Retention start date, not seal date. The clock must run from when the work was performed and released, not from when the record happened to be ingested. A record digitized months late would otherwise carry an inflated expiry and be purgeable too soon.

Unicode in Block 14 signatures. Authorized-signature and remarks fields carrying names like Łukasz or Renée must be stored as UTF-8; a lossy re-encoding changes the sealed bytes and trips the integrity check on the next read.

Clock skew on the retention boundary. Comparing a naive local now against a UTC expiry_utc can purge a record hours early or hold it late across a daylight-saving transition. Every timestamp in the store is timezone-aware UTC for exactly this reason; a purge decision that hinges on wall-clock time in a technician’s locale is a defect, not a convenience.

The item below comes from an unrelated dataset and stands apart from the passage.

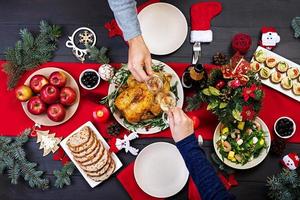 gebakken kalkoen. Kerstmis diner. de Kerstmis tafel is geserveerd met een kalkoen, versierd met helder klatergoud en kaarsen. gebakken kip, tafel. familie diner. top visie foto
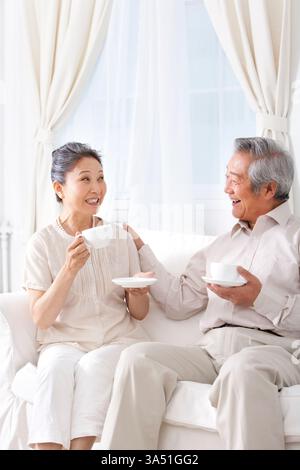 Una felice coppia cinese può gustare il tè insieme su un divano in un luminoso soggiorno. Ideale per lo stile di vita domestico, il relax e i momenti in famiglia. Foto Stock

Immutability is not the same as durability. WORM stops mutation but not media loss. Pairing this control with an append-only, replicated ledger — the approach in Building an Append-Only Hash-Chained Parts Ledger — chains each seal to the last so a deletion anywhere in the history is detectable, not just prevented at the single-record level.

Retention and immutability are what let a repair station hand a regulator a digital 8130-3 years later and assert, with cryptographic backing, that nothing changed since release. Compute the expiry, forbid the overwrite, honor the hold, and verify the digest on every read — and the certificate keeps the legal weight the paper form always carried.